Excel Connector

The NPipeline.Connectors.Excel package reads and writes Excel workbooks. It reads both legacy XLS (binary) and modern XLSX (Open XML) formats, and writes XLSX. Supports sheet selection, header detection, attribute-based column mapping, and configurable type analysis.

Installation

bash

dotnet add package NPipeline.Connectors.Excel

Dependencies: ExcelDataReader 3.x, DocumentFormat.OpenXml 3.x, NPipeline.Connectors, NPipeline.StorageProviders

Storage Abstraction

The Excel connector uses NPipeline's storage abstraction layer. See the CSV Connector - Storage Abstraction section for full details on StorageUri, IStorageResolver, and when you need an explicit resolver.

csharp

// Local file (no resolver needed)
var source = new ExcelSourceNode<Order>(StorageUri.FromFilePath("orders.xlsx"));

// Cloud storage (explicit resolver)
var source = new ExcelSourceNode<Order>(
    StorageUri.Parse("s3://bucket/orders.xlsx"),
    resolver: myResolver);

Column Mapping

Use [Column] and [IgnoreColumn] from NPipeline.Connectors.Attributes to control property-to-column mapping:

csharp

using NPipeline.Connectors.Attributes;

public class Product
{
    [Column("product_id")]
    public int Id { get; set; }

    [Column("product_name")]
    public string Name { get; set; } = string.Empty;

    public decimal Price { get; set; }

    [IgnoreColumn]
    public string DisplayLabel => $"{Name} (${Price:F2})";
}

When no [Column] attribute is present, properties are matched by name (case-insensitive).

Lambda-Based Mapping

csharp

var source = new ExcelSourceNode<Product>(
    StorageUri.FromFilePath("products.xlsx"),
    row => new Product
    {
        Id = row.Get<int>("product_id") ?? 0,
        Name = row.Get<string>("product_name") ?? string.Empty,
        Price = row.Get<decimal>("price") ?? 0m
    });

Source Node - `ExcelSourceNode<T>`

Reads an Excel file and emits each row as an item of type T.

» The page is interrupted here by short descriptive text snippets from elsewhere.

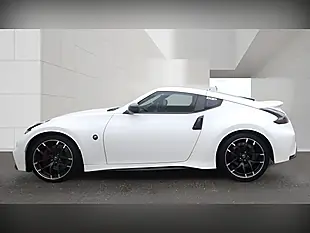 Used 2016 Nissan 370Z Nismo White - Interior and Exterior details 5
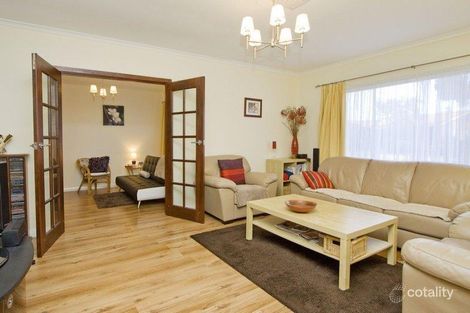 Property photo of 2 Masters Court Marion SA 5043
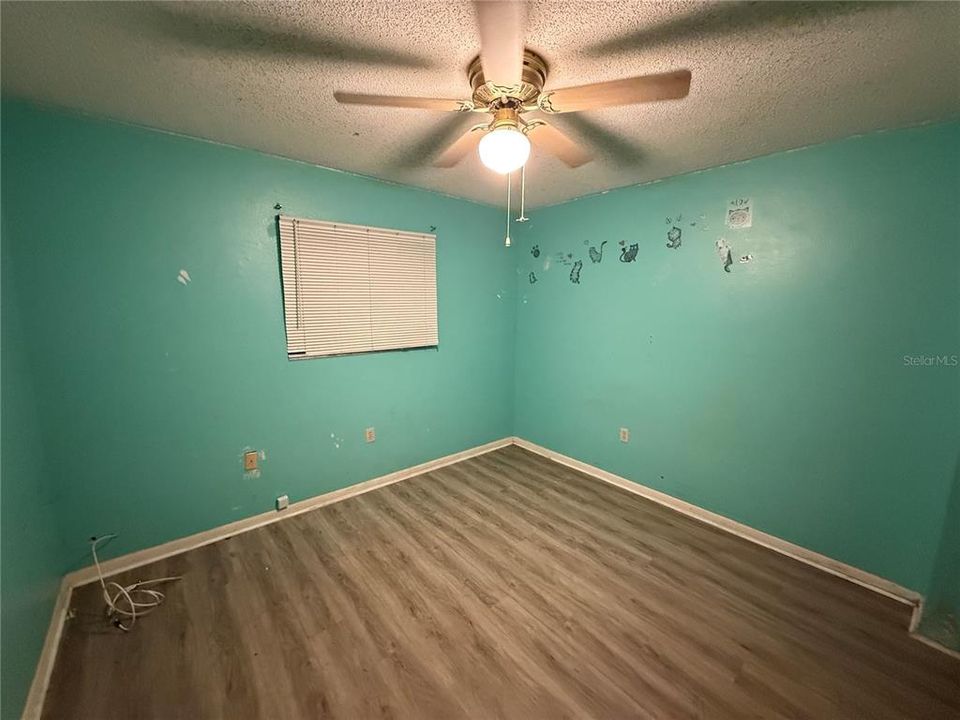 待售: $350,000 (3 贝兹, 2 浴室, 1340 平方英尺)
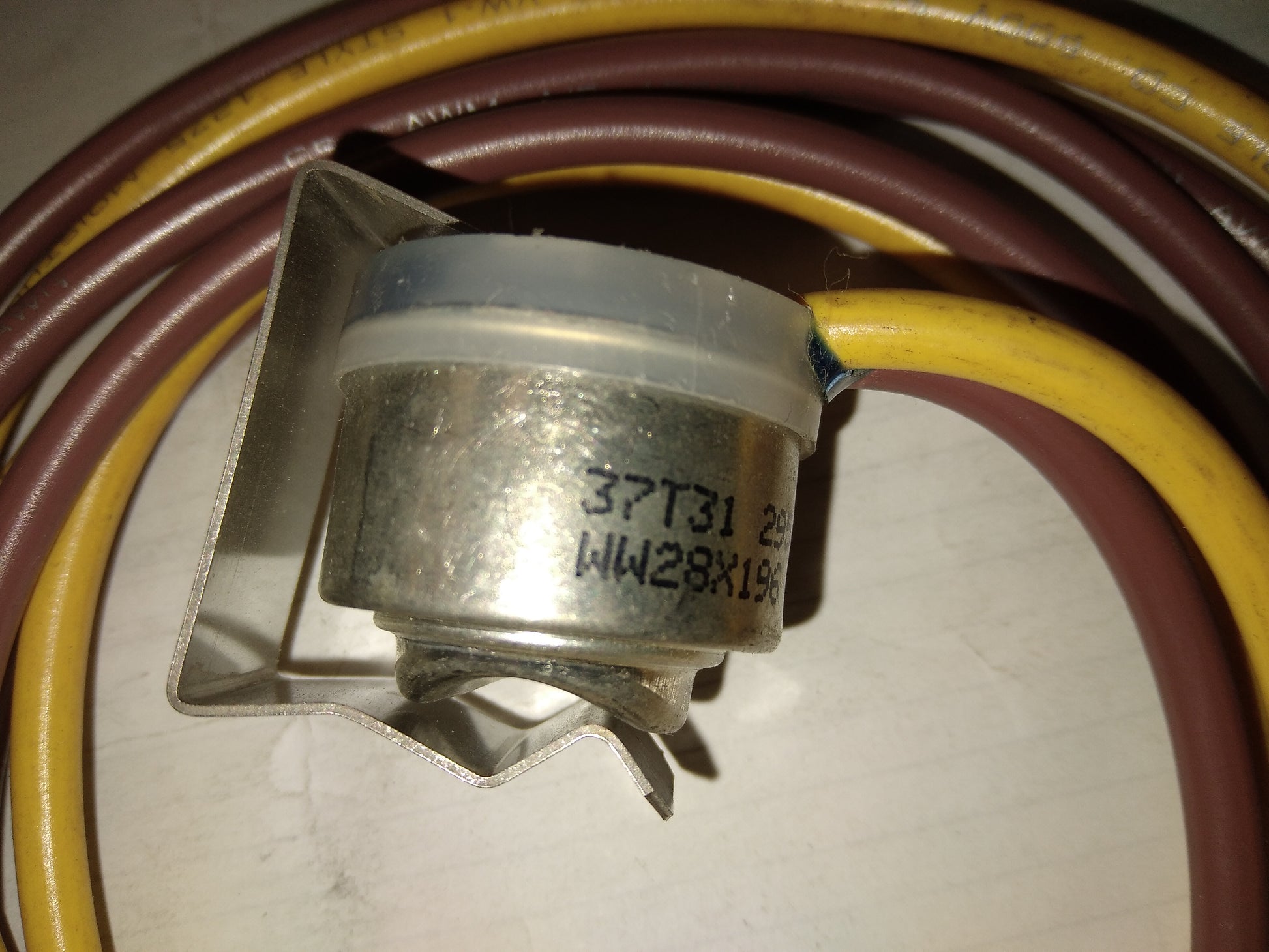 DEFROST CONTROL THERMOSTAT 33F OPEN 70F CLOSED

⚠️ Note: Excel files are fully materialized in memory during read (ExcelDataReader requirement). For datasets larger than a few hundred MB, consider converting to CSV or Parquet first.

Constructors

csharp

// Attribute-based mapping with optional resolver
public ExcelSourceNode(
    StorageUri uri,
    IStorageResolver? resolver = null,
    ExcelConfiguration? configuration = null)

// Lambda-based mapping with optional resolver
public ExcelSourceNode(
    StorageUri uri,
    Func<ExcelRow, T> rowMapper,
    IStorageResolver? resolver = null,
    ExcelConfiguration? configuration = null)

// Attribute-based mapping with explicit provider
public ExcelSourceNode(
    IStorageProvider provider,
    StorageUri uri,
    ExcelConfiguration? configuration = null)

// Lambda-based mapping with explicit provider
public ExcelSourceNode(
    IStorageProvider provider,
    StorageUri uri,
    Func<ExcelRow, T> rowMapper,
    ExcelConfiguration? configuration = null)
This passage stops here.